Maritime & Aviation Emissions Research: Impact on Developing Countries

July 10, 2013

New research published by a consortium of Climate Strategies, University of Cambridge, Cambridge Econometrics, CE Delft and Transport Analysis and Knowledge Systems (TAKS) assesses the impacts on developing countries of measures to address emissions in the international aviation and shipping sectors.

Greenhouse gas emissions of international aviation and maritime transport are projected to increase rapidly over the coming decades, despite significant improvements in fuel-efficiency of aircraft and ships. In order to address their growth, Market Based Measures (MBMs) have been proposed to complement technical and operational measures. These measures are being discussed in ICAO (the UN organization for civil aviation) and IMO (the UN organization for maritime transport). One of the main issues in the debate has been the impact of MBMs on developing countries and especially on remote economies.

This report quantifies the economic impacts of MBMs on ten case study economies and globally. The case study economies have been selected in the expectation that  they would be relatively highly impacted because of their remoteness or dependence on international aviation or maritime transport.

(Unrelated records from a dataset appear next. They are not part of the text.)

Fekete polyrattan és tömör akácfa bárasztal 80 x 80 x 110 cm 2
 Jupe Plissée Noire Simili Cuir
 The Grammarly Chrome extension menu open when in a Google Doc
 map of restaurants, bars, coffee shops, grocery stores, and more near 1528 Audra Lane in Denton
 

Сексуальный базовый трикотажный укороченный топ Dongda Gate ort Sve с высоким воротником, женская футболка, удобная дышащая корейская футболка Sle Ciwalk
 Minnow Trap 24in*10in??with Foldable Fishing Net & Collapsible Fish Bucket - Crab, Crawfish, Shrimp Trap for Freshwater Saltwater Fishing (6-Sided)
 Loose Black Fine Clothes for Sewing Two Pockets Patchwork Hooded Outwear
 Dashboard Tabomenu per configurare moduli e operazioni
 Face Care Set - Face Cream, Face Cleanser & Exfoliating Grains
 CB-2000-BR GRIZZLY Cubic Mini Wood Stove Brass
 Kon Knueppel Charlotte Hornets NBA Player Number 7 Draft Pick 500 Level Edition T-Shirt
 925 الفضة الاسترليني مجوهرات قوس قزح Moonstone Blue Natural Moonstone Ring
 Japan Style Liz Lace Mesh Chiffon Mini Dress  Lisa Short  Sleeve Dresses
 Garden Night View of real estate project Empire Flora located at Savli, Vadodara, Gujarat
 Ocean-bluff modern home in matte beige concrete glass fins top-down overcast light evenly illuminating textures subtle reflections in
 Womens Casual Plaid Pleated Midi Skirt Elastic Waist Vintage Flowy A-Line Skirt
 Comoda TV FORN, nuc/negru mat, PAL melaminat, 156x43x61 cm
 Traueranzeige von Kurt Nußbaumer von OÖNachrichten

This report shows that the decrease in GDP is less than 0.01% on average and significantly less than 0.1% for all but a few of the case study countries. Countries with a higher dependency on tourism and trade are likely to experience greater economic impacts as market-based measures raise the costs of aviation and maritime transport, they impact economies due to increased prices for passenger travel and exported and imported goods. Some of these countries are small island states that are also vulnerable to climate change impacts.

Undesired economic impacts on developing countries can be addressed effectively by a combination of measures such as exemptions of certain routes, lump sum rebates, investments in infrastructure efficiency and into the development of more efficient ships and aircraft.